- ASSIGNED TASK -
Return all of the data exactly as written, without the pictures.

- GIVEN INFORMATION -
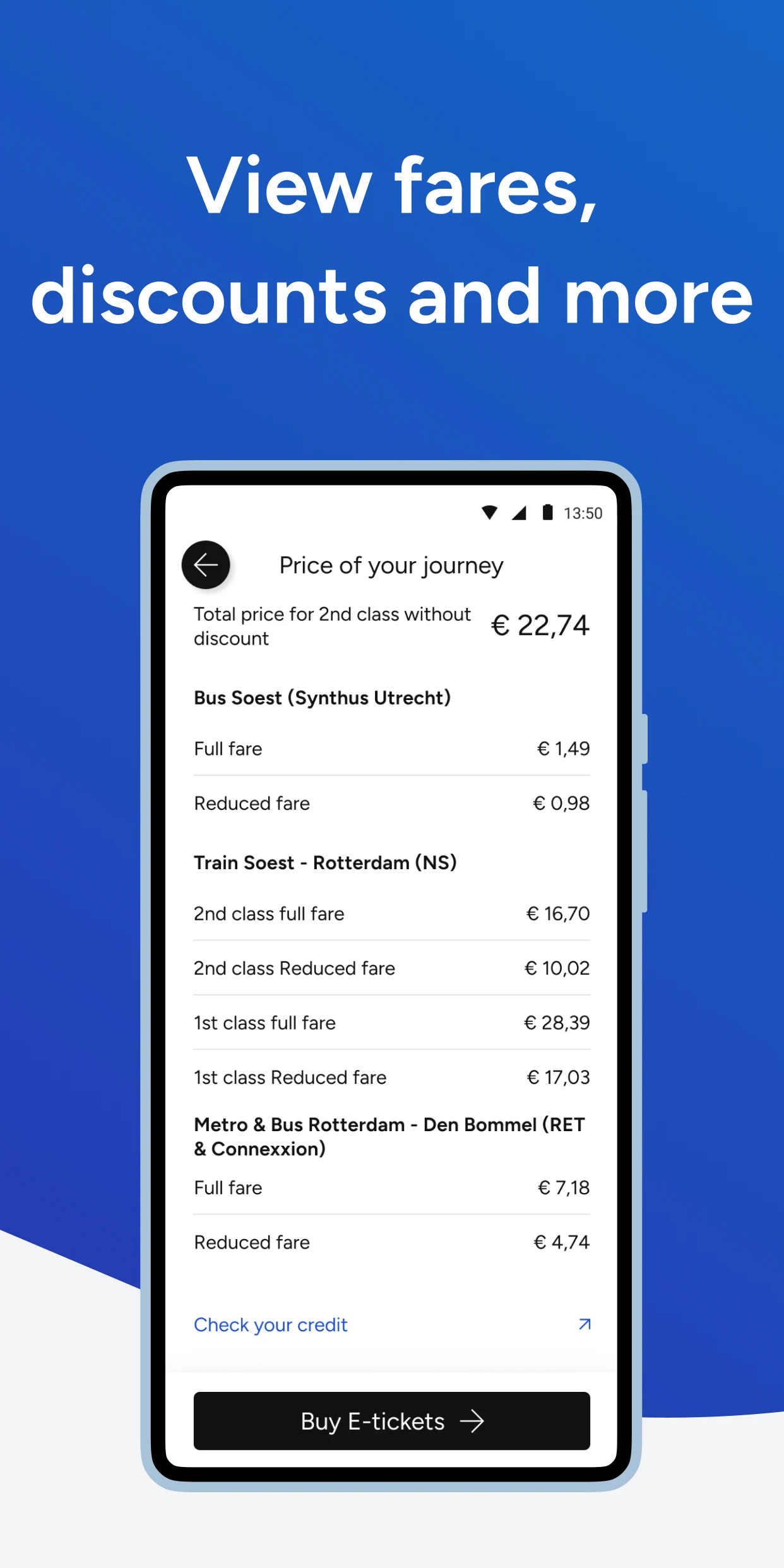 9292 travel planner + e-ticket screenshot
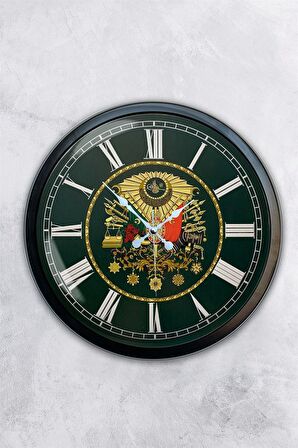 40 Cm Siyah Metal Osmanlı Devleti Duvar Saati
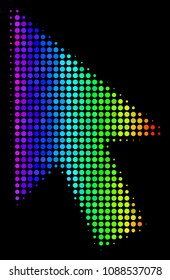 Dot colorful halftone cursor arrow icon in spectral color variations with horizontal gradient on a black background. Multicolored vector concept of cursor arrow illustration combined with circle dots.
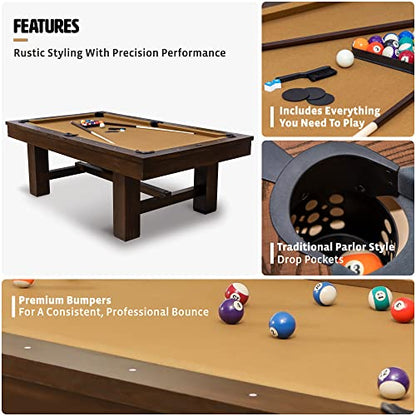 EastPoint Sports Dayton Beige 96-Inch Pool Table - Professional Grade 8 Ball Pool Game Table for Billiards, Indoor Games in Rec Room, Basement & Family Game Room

- THE COMPLETED TASK -
 9292 travel planner + e-ticket screenshot
 40 Cm Siyah Metal Osmanlı Devleti Duvar Saati
 Dot colorful halftone cursor arrow icon in spectral color variations with horizontal gradient on a black background. Multicolored vector concept of cursor arrow illustration combined with circle dots.
 EastPoint Sports Dayton Beige 96-Inch Pool Table - Professional Grade 8 Ball Pool Game Table for Billiards, Indoor Games in Rec Room, Basement & Family Game Room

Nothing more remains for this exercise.